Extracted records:

+===+

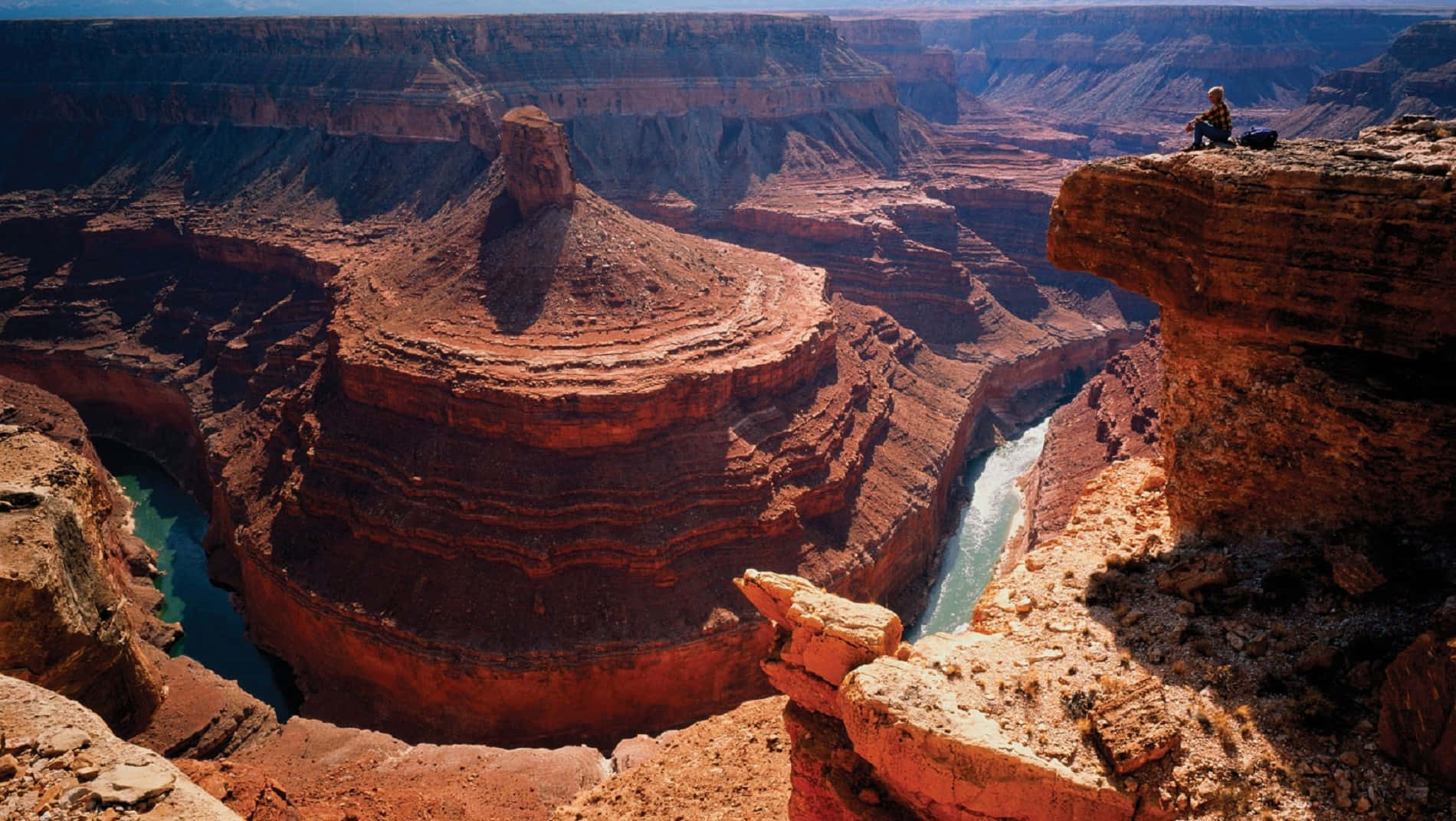 Explore The Beauty Of Yellowstone National Park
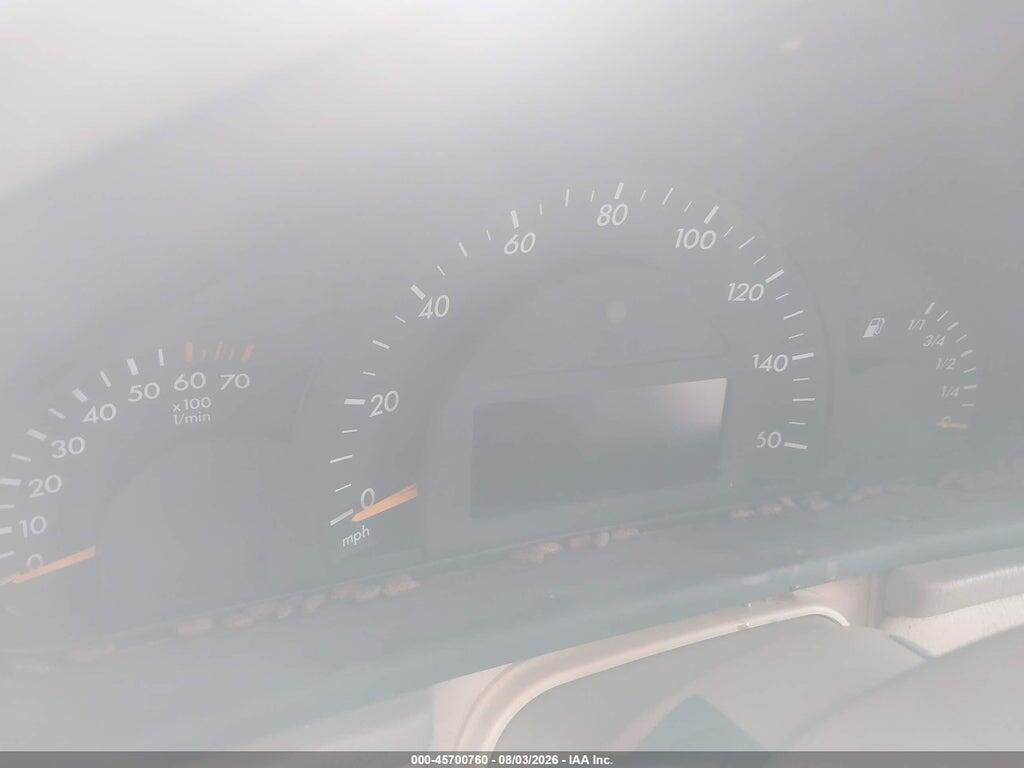 WDBRF61J81F055793 2001 MERCEDES-BENZ C 240 photo no. 7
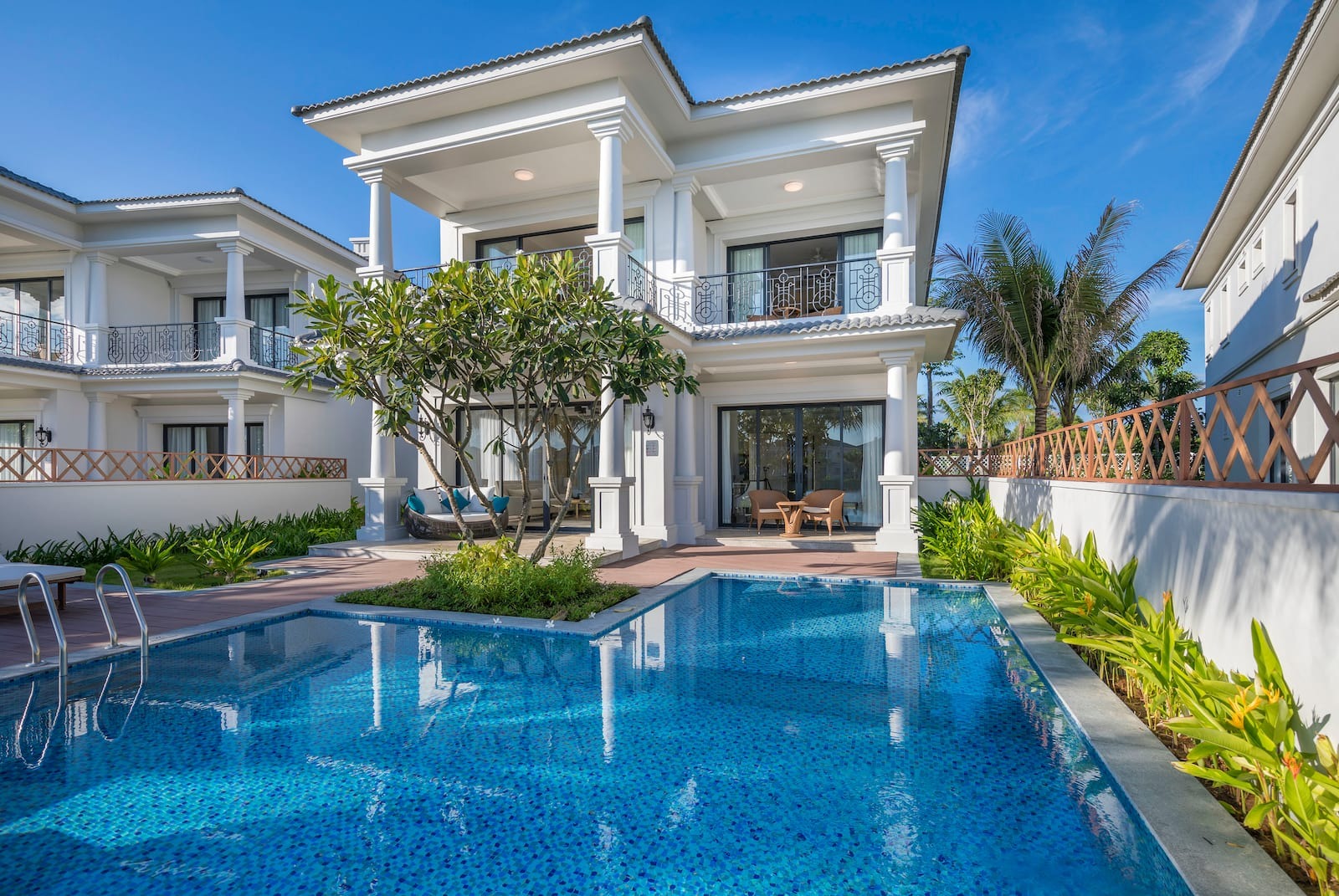 Thiết kế biệt thự sang trọng tại Melia Vinpearl Cam Ranh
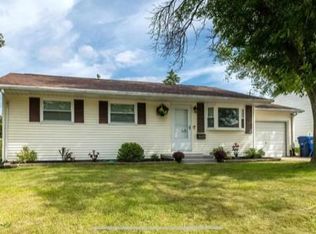 3107 Welshire Dr, Bettendorf, IA 52722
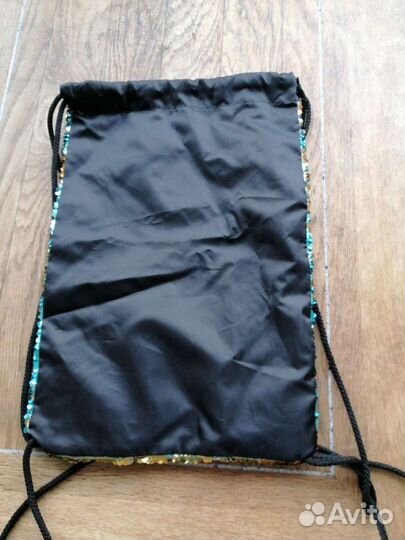 Рюкзачок для девочки новый с пайетками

+===+

■ **WHAT THE EXERCISE ASKS**: Output the entries above exactly. Do not include the pictures.

■ **SOLUTION FOR THIS EXERCISE**:
 Explore The Beauty Of Yellowstone National Park
 WDBRF61J81F055793 2001 MERCEDES-BENZ C 240 photo no. 7
 Thiết kế biệt thự sang trọng tại Melia Vinpearl Cam Ranh
 3107 Welshire Dr, Bettendorf, IA 52722
 Рюкзачок для девочки новый с пайетками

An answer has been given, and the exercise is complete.